But let me tell you, I have heard all the anecdotes you have. Then I started traveling the world for business. I ran a company where I had offices in 60 countries and thousands of employees worldwide. I started digging into the actual data, not the anecdotes. I will tell you now, the healthcare outcomes in every other western country are the same or better than in the US. The total cost per employee (counting company share, employee share and employee tax burden) is BY FAR higher in the US than any other country.

If your anecdotes on cancer and heart failure were real then the healthcare outcomes would be demonstrably worse in those countries and they just are not. Every western nation has a higher life expectancy than the USA. All of them.

Fun fact, in a statistically significant survey Canadians even have a higher trust in the availability of healthcare than in the US despite your anecdotes. Higher, not lower (link below if you care to learn something about this).
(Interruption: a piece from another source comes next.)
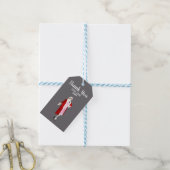  mode, geblazen in de twintigste cadeaulabel (Met Touw)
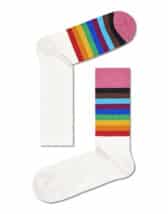 Happy Socks 3-Pack Pride Socks Gift Set XPRD08-1300 Socks Gift Boxes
The data is clear and despite my free market bias my personal belief has changed. This the rare arena where the government should play a role. We should provide basic catastrophic insurance under a medicare for all policy where the big stuff and basic preventative care is covered. But I quite like the German model where you can optionally buy into a plan that will give you access to faster care for non life threatening stuff (e.g. knee replacement) access to better/more bespoke facilities, private hospital rooms, and the like.

Survey mentioned above
Oh, I'd be fine with a basic catastrophic plan - although would not need to be covered by the government, private insurance could do the same thing but I don't think the government would allow it. There are specifically designated things health insurance must cover (if I remember correctly)And even under Medicare there is a cost to the individual for coverage..means tested as you might know.

There would be multiple options that health insurance could cover...and I'm all for exploring each and every one.

But. Government run and administered healthcare would be a disaster, IMO. Look at the fraud we have now...I could see exactly what you described for those who wanted out of the individual mandate, my grandson would love something like a catastrophic plan with options for supplements for other needs...But that's a far cry from Medicare for all.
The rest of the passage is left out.